Would you output the entries below only from the line containing "1158 Buck Swamp" through the line containing "Used Jetta VS5", exactly as they stand and with both ends included?

▶ **Data excerpts**
== == ==

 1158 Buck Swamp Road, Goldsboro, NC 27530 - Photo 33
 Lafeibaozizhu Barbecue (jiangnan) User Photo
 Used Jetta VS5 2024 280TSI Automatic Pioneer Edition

== == ==

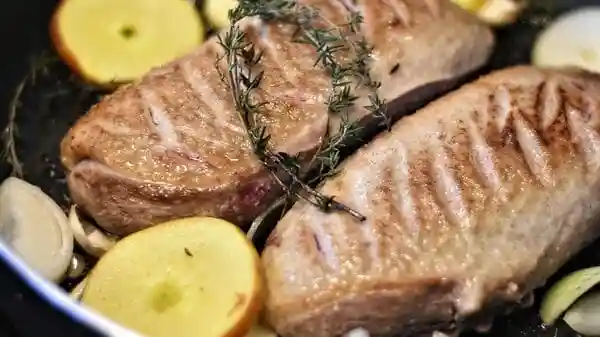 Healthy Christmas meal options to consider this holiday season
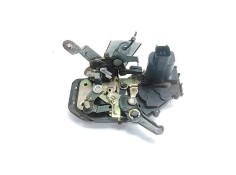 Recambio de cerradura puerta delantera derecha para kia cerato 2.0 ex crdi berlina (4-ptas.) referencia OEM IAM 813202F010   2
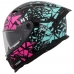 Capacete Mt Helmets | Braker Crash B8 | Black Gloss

== == ==

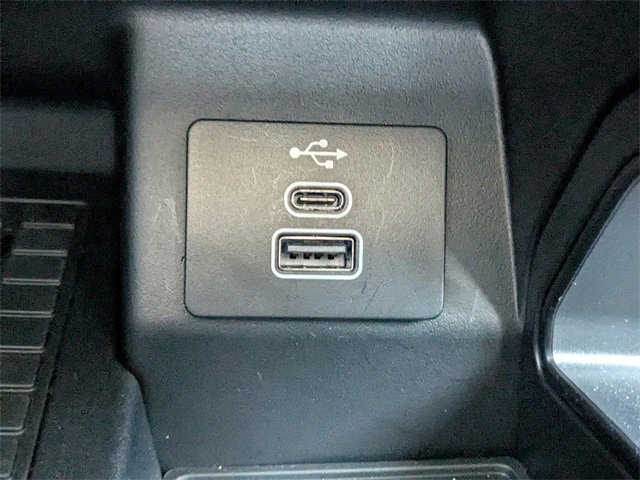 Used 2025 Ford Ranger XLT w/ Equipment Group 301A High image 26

== == ==

▶ **Answer space**
 1158 Buck Swamp Road, Goldsboro, NC 27530 - Photo 33
 Lafeibaozizhu Barbecue (jiangnan) User Photo
 Used Jetta VS5 2024 280TSI Automatic Pioneer Edition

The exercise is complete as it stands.